“What can the blockchain do for me today?”
It’s a question that’s increasingly being asked by major financial institutions, and one that San Francisco-based Blockstack (formerly CryptoCorp) has been focused on finding an answer for since its relaunch in past June.
One of a growing number of companies seeking to provide custom blockchain solutions, Blockstack boasts unique expertise in Standard Chartered Bank veteran Peter Shiau, who serves as the company’s COO, and Phillip Harris, advisor and former head of FX at Nasdaq.
Shiau indicates that Blockstack is seeking to capitalize on the “thought shift” currently underway at major financial institutions, which by all accounts are becoming increasingly aware of the potential payoffs from utilizing blockchain-based systems as distributed databases.
Shiau told CoinDesk:
“This is a software stack to enable financial services to have a private isolated blockchain…that became exciting to financial institutions, because now they can start working on applications and back-office systems.”
Blockstack is one of a new wave of blockchain-first tech services firms seeking to partner with financial institutions on initiatives involving the technology, a group that prominently includes names such as Chain, Eris Ltd, Gem and Digital Asset Holdings, among others.

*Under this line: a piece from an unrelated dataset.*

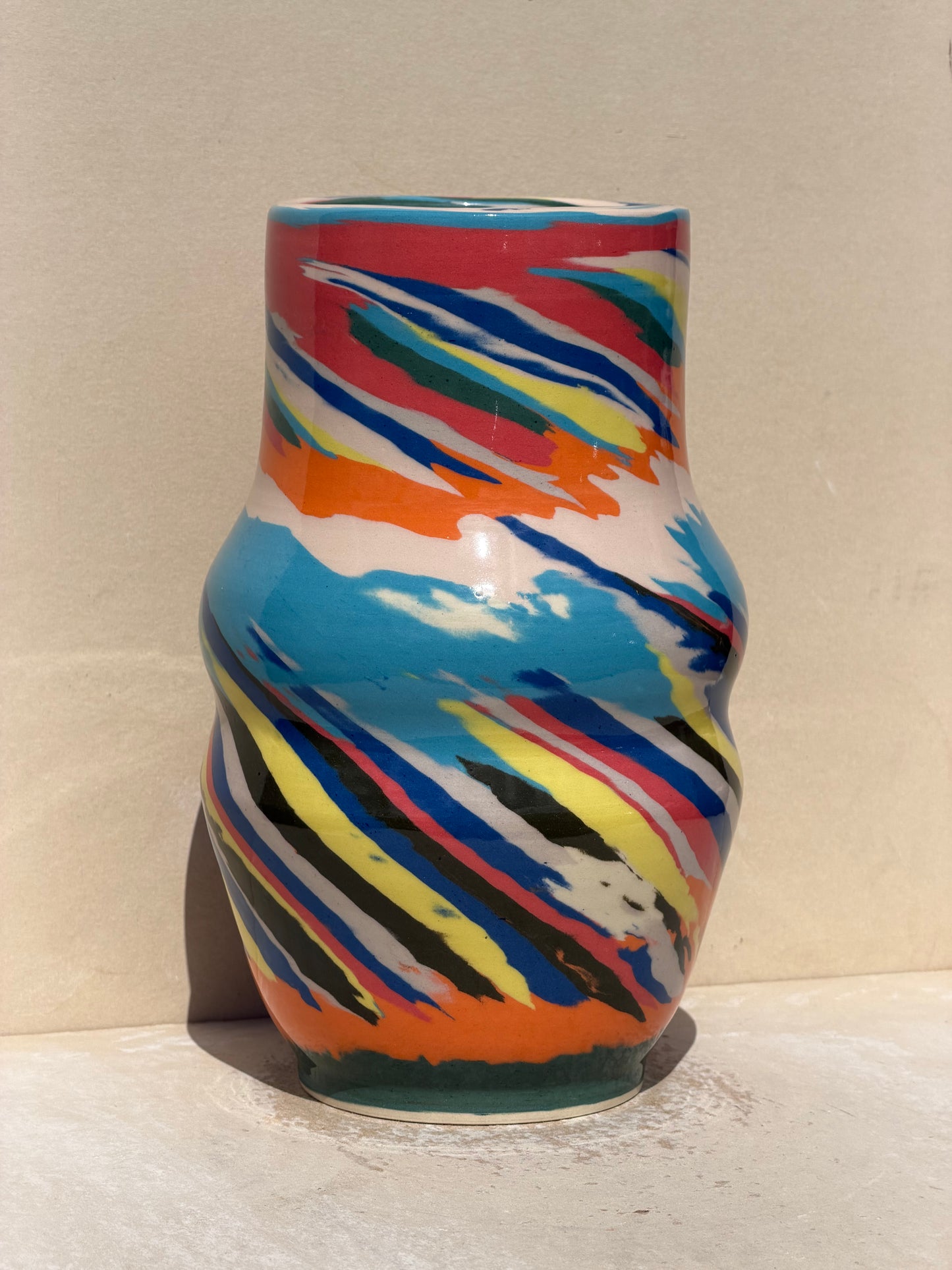 Vibrant Colored Vase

CEO and former Google engineer Miron Cuperman indicated that Blockstack is currently seeking to educate its potential clients so they can understand applications for the blockchain in commodities, equities, clearing and trading, emphasizing that the company is seeking to make the case the technology is actionable today.
Shiau said Blockstack’s goal is to replicate the success of Red Hat, the open-source software company that helped commercialize the Linux operating system in the 1990s.
“They made [software] something that could be consumed and used by all enterprises,” he said. “That’s what we aim to do – take that tech that is proven and put it together in a way that is useable for that community.”
But, while much has been said about private blockchains, little has been perhaps made public about the exact design features that are sought after by financial institutions.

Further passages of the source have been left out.